■ **DATA EXCERPT**
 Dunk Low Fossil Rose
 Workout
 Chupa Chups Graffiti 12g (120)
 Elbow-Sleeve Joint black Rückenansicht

■ **TASK TO CARRY OUT**
Write the material out once more so that every line matches the original.

■ **TASK RESULT**
 Dunk Low Fossil Rose
 Workout
 Chupa Chups Graffiti 12g (120)
 Elbow-Sleeve Joint black Rückenansicht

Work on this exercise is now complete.